_EXERCISE BRIEF:_ Return the listing below exactly. Leave its pictures out.

[Opening DATASET CONTENT section]

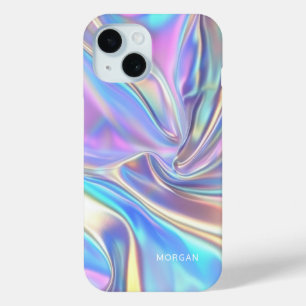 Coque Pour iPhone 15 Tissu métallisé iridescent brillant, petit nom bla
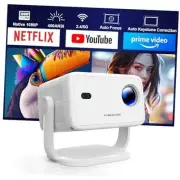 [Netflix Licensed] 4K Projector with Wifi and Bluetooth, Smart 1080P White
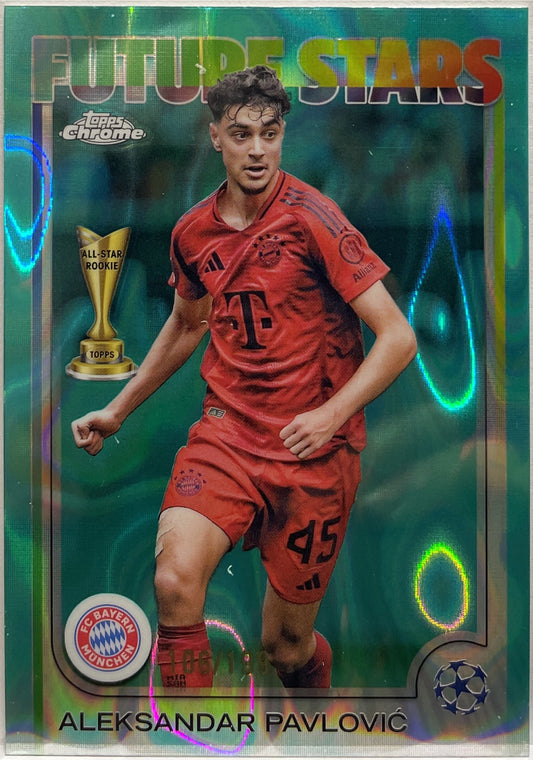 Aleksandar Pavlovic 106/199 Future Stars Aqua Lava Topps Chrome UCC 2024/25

[Closing DATASET CONTENT section]

_TASK ANSWER:_
 Coque Pour iPhone 15 Tissu métallisé iridescent brillant, petit nom bla
 [Netflix Licensed] 4K Projector with Wifi and Bluetooth, Smart 1080P White
 Aleksandar Pavlovic 106/199 Future Stars Aqua Lava Topps Chrome UCC 2024/25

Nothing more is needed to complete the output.